The questions below may not bring you to a complete and locked decision, but they should help you logically think through your relationship and give you some solid reasons to stay or walk away.
- Am I being emotional in my decision? There are many opinions flung at us on a daily basis; in all the clamor, it can be difficult to discern the truth. That is why it is so important that we spend time reading and studying what God says so we can learn to think Biblically and not be torn from side to side. So much of my life, I have depended on emotional guidance, but emotions are unstable; whereas, biblical truth does not change. Based on your knowledge of Scripture, the counsel of Godly people, and your personal time with the Savior, what decision do you believe you should make?
- How is the timing? Is this relationship coming at a bad time? Is there healing from another relationship that needs to happen first? Are either of you too busy with school or work to devote time to growing a healthy relationship? Are you in two different places spiritually or emotionally? Is this a good relationship at a bad time? Could pushing for the relationship now damage your chances for a wonderful relationship in the future?
- Are we heading in the same direction? Do we have similar life goals? Attraction is wonderful. It can be intoxicating. Unfortunately, it is not enough. Relationships go through stages and the overwhelming emotions which flood us in our courtship phase taper off over time. For many, their relationship becomes more comfortable and mature – a sensation often preferable to the initial euphoric stage.
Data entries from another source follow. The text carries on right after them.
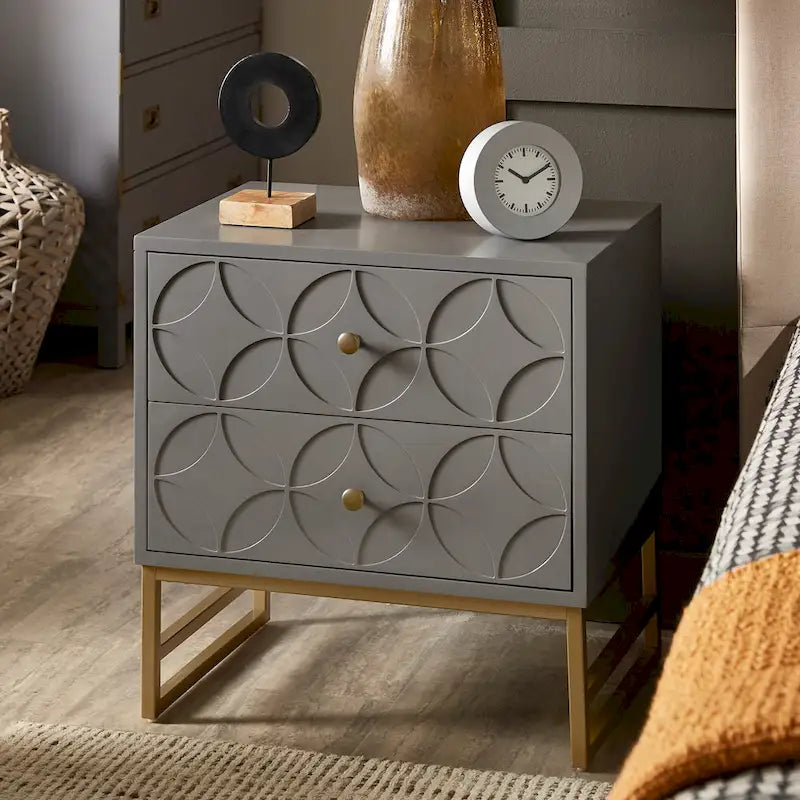 Table d'appoint à 2 tiroirs en métal doré avec motif en losange en arche
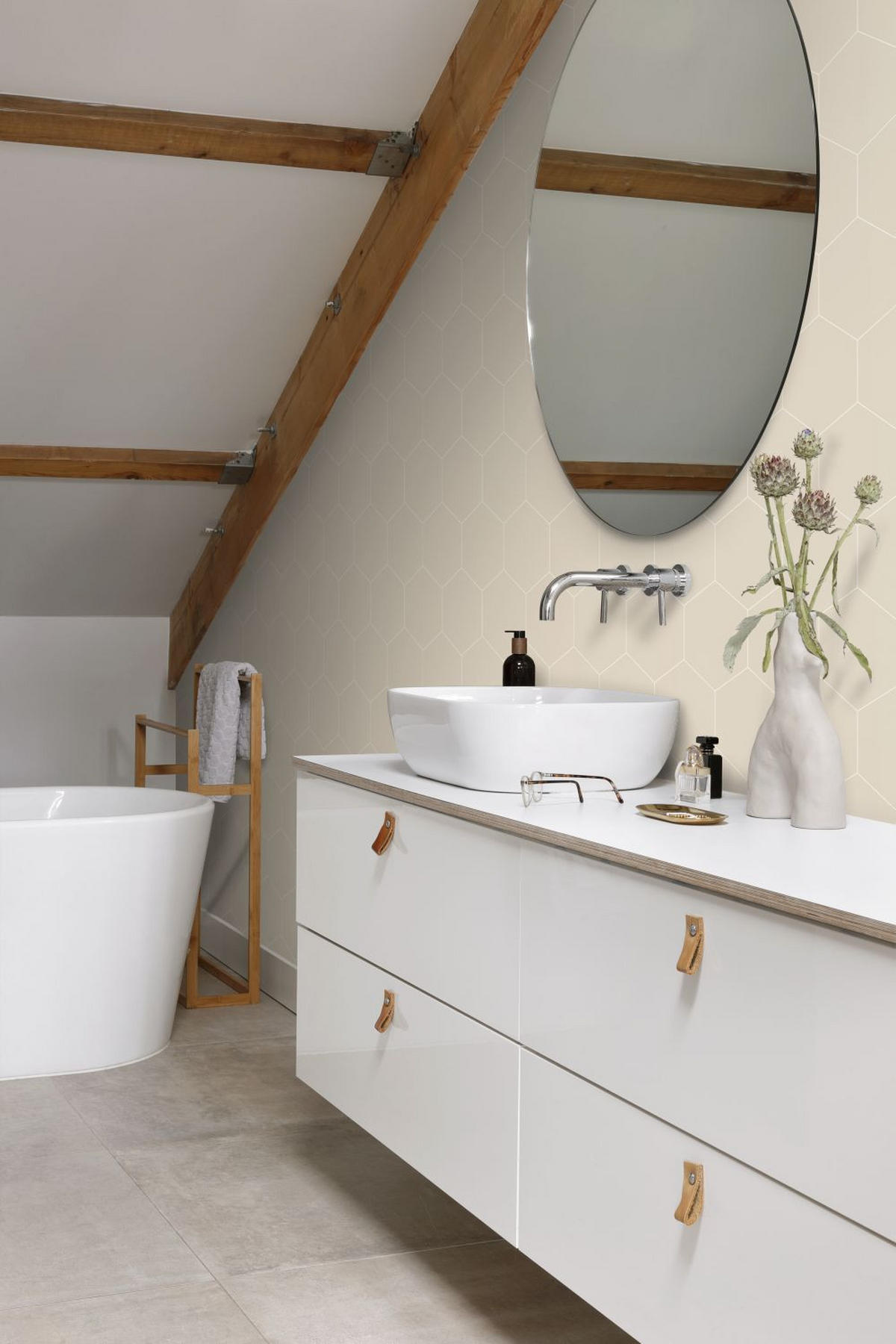 TAPETE Wabenmuster 53 cm x 10.05 m - Beige, Papier (53/1000cm) - ESTAhome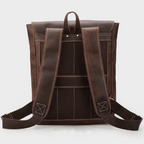 Genuine leather mens travel backpack with padded back and adjustable shoulder straps for comfort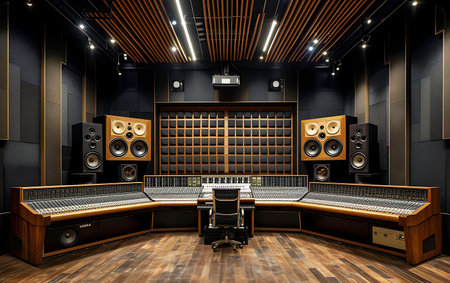 Empty Sound recording studio with colorful lights and equipment.の素材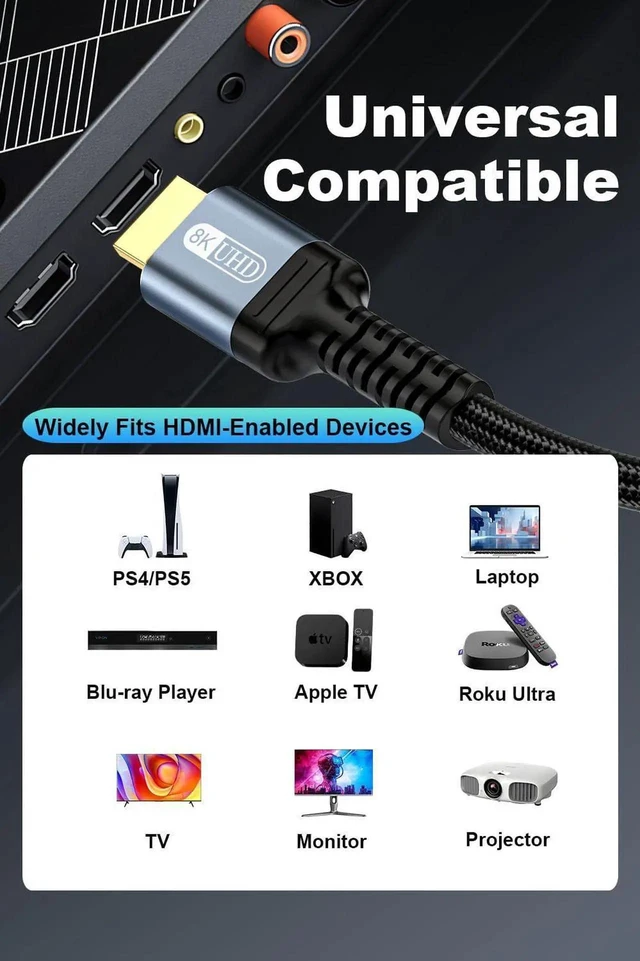 Alt view image 6 of 7 - 10K 8K 4K HDMI 2.1 Cable 6FT, 48Gbps Ultra High Speed Braided HDMI Cord, 8K@60Hz 4K@120Hz Dynamic HDR eARC HDCP 2.2 2.3 Compatible with TV Laptop Monitor PS5 Xbox Projector Sound System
For others, their relationship dies down and becomes a burden. Couples who walk down separate paths are likely to experience discouragement and frustration in their marriages. It is exhausting to play tug of war for fifty or more years – and most people do not. These couples tend to give up – either ending the relationship in divorce or giving up on their dreams and divorcing emotionally. If marrying this person requires you to turn your back on your true self, is it worth it?
- Do we lift each other up or tear each other down? As a whole, have you pointed each other towards Christ or distracted each other from a closer walk with the Lord? Do you speak to each other in ways that inspire courage or do your words and actions discourage each other?
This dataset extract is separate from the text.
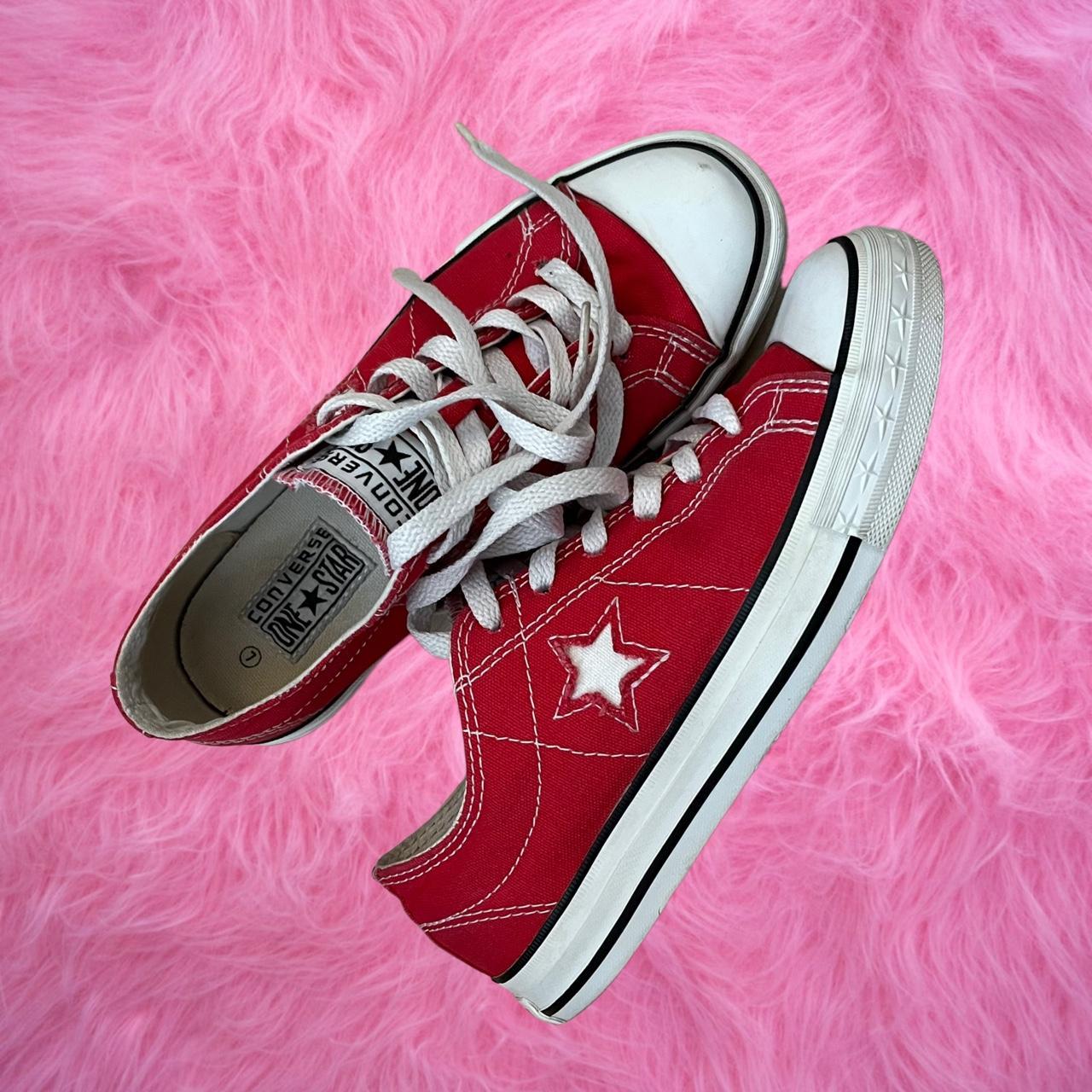 Converse Women's Red Trainers Depop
- Am I a good fit for him or her? Two perfectly wonderful people can be a completely horrible match. Just because you are not a good life partner for this person does not mean you will not be an incredible partner for someone else. While considering your boyfriend’s or girlfriend’s traits you should also consider your own. Do you have what he or she needs in a spouse? If you clearly do not, be kind enough to set him or her free.
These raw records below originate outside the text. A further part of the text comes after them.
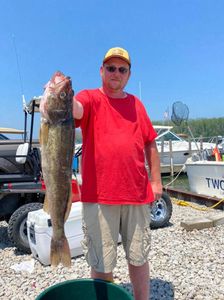 A trophy-sized Largemouth Bass caught while fishing in Marblehead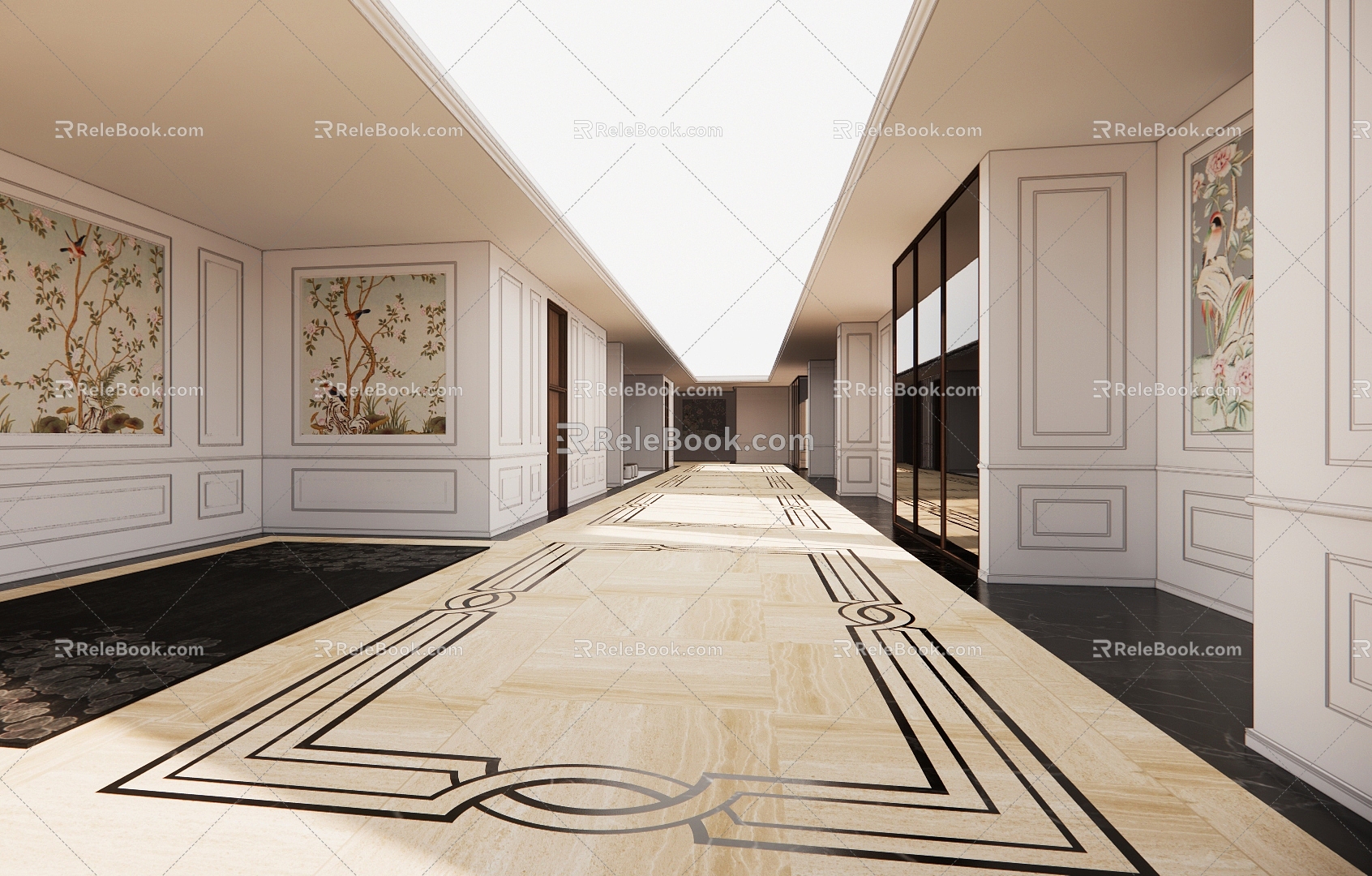 Modern Hotel Away Hotel Corridor 3d model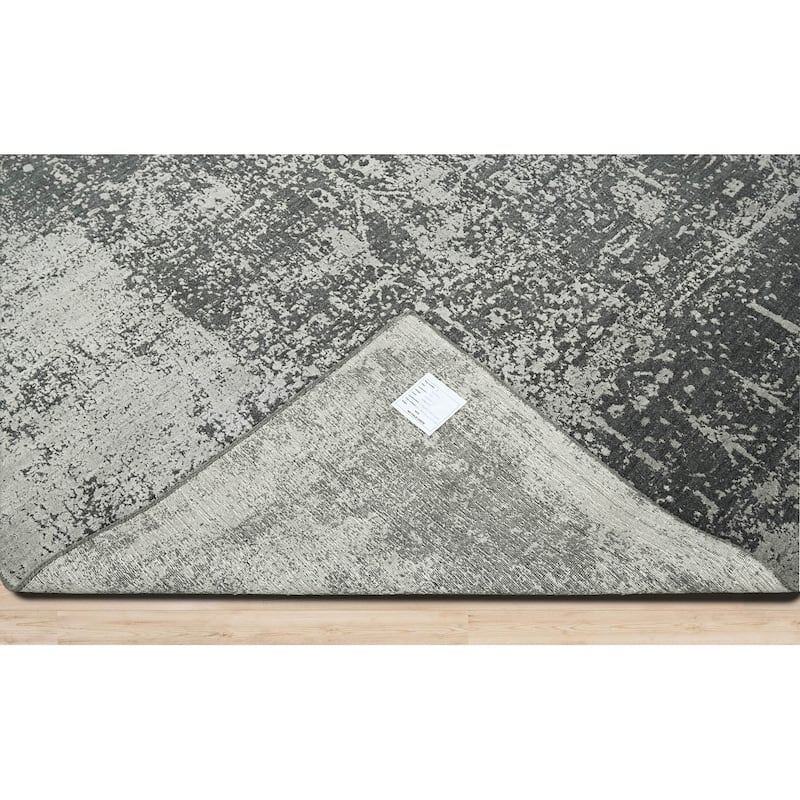 Hand Knotted Wool Transitional Oriental Area Rug Tone on Tone Gray - 8' x 9' 11''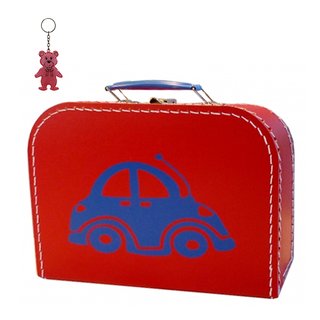 Kinderkoffer rot mit Auto blau inkl. 1 Reflektorbärchen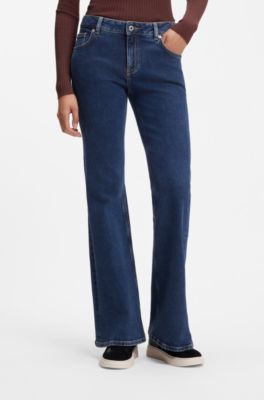 Jeans svasati in denim elasticizzato blu, Blu scuro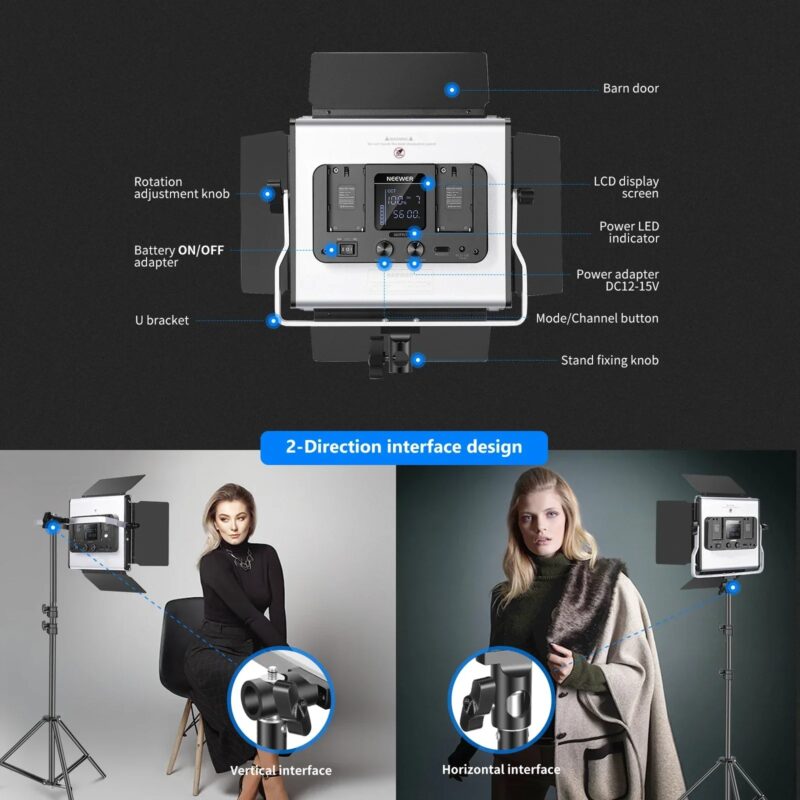 Neewer 2 Packs 530/660 Pro Led Light With APP Control Photography Video Lighting Kit With Stands, Softbox, Dimmable 660 SMD LEDs - Image 7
- How different are we? Being complete opposites may seem romantic in the beginning; yet, over the years, your vast differences will take a toll on your marriage. You do not want to marry a replica of yourself, but the more you have in common the easier your relationship will be over the years.
- What do my friends and family say? Not everyone may give you a glowing review, but if the majority of reviews consistently have concerns about your long-term future with him or her, that is nothing to ignore. Humbly sit down with each person individually, with a notepad in hand, ask for the pros and cons they see in your relationship, and write down their reflections. Take time to review and look at similarities of comments across the lists and be honest with yourself. Being with someone else out of rebellion is not going to lead to a lifetime of your happiness.
- Am I scared? Do I already know what I should do, but fear the loneliness that may follow? What will happen if I let the relationship linger knowing it will eventually end? If you really think you should break up, take some time to think about how you would re-acclimate to single life. Form a game plan to seek out close friends, journal, take a trip to think and pray, and/or post encouraging Scripture around your house. Doing this in preparation will help reduce that fear as you will see a path going forward.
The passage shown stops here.